ぼんやりと養父さんの走って行った方向を眺めていると、
「あ~…その、とりあえず、手当てしないか? その腕」
困ったような低い声が言った。
「放っときゃ治ります」
「そうも行かないでしょ。女の子を怪我させたまま、何日も放置してはおけないよ。医者としては無論だけど、男としてもね?」
首筋に掛かるくらいの銀髪を後ろでちょこんと結び、琥珀の瞳に眼鏡を掛けた長身の男…昨夜会った、自称女の子に優しいおにーさんが言う。昨日と違って白衣姿だ。
「一応、昨夜に一度逢ってるけど、初めまして…でいいかな? 俺はジン。獣人の人狼で、この船の船医だよ。腕、診せてね?」
にこりと微笑みながら、有無を言わさずにジンに腕を取られ、医務室へ連行された。
ちなみに、ヒューと気絶したままの彼? も一緒だ。雪君は、夕食の支度をすると食堂へ行くと言っていた。
「この氷、外せる?」
「…昇華」
右腕に纏った氷のギプスを、固体から液体を経由させずに気体へと昇華させる。つまり、消した。
「ありがとう。それじゃ、触るね?痛かったらちゃんと言ってね」
そっと袖が捲られ、
「・・・ヒュー。君、女の子相手に、どんな無茶をした?」
腕を見た途端、低い低温の声。
予想通り、腫れた手首には青黒い手形の内出血。
「いや、その…上段から斬りかかったというか…」
「は? なに? 峰や腹で叩いたとか? 手首を潰そうとした?」
手形の大きさが明らかに違うが。
「ンなこたしてねぇっ!? つか、上段から斬りかかったら、コイツに止められたんだよ」
「へぇ…」
非難するような琥珀の視線と低い声。
「ヒューにしては、らしくないね」
「一応、手加減はした。
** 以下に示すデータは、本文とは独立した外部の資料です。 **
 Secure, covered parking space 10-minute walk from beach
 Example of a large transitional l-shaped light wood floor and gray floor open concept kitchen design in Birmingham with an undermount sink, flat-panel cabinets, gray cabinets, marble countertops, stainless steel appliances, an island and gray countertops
ナイフを飛ばそうとした…んだが、コイツに受け止められるとは思わなかったんだ」
苦い声が言う。
「・・・少々補完するなら、ヒューと斬り合う前に吸血鬼の彼女とやり合って、そのときに手首を潰す勢いで握られたんですよ。手首が軽く軋みましたからね。その後、ヒューの斬りかかりを受け止めて、その下から抜けるときに無理な体勢を取ったら、ピキッとイっちゃいましたね」
折れてはいないから、まだマシだ。
「ヒュー?」
「すまんっ!」
「全く・・・少し触るよ?」
「っ…」
熱い手が腕に触れる。
「ごめん、痛かった?」
「いえ、ずっと氷で冷やしてたので、手の温かさに驚いただけです。腕自体はもう感覚が麻痺しているので、痛くはありません」
おそらく、ジンの手は然程熱くない筈だ。オレの腕が冷え過ぎているだけ。
「う~ん…感覚が無くなるまで冷やすのは、ちょっとどうかと思うな? そんなに痛いなら、痛み止めを処方した方がいいよ。飲み薬だと効き目出るまで時間掛かるし…注射打っとこうか?」
「いえ、薬は効かない体質なので結構です」
「え? そうなの? それはまた厄介な体質だね。う~ん…あんまりお勧めはしないけど、一応かなり強い薬も持ってるよ? 我慢できないなら、使う?」
薬が効き難い体質だと思われたらしい。
「いえ、本当に薬が効かないんです。毒に対する耐性と免疫が強くて、分解も早い体質なので。多分、通常の致死量以上を打っても効きませんよ」
致死量以上の薬を打っても死なない。
「…うわ、それ、本気で大変だね」
「ええ」
だから、冷やして感覚を麻痺させている。毒に対する耐性と免疫が強いということは、薬も効かないというのと同様のことだ。毒などで死なない代わりに、薬も全く効かない体質。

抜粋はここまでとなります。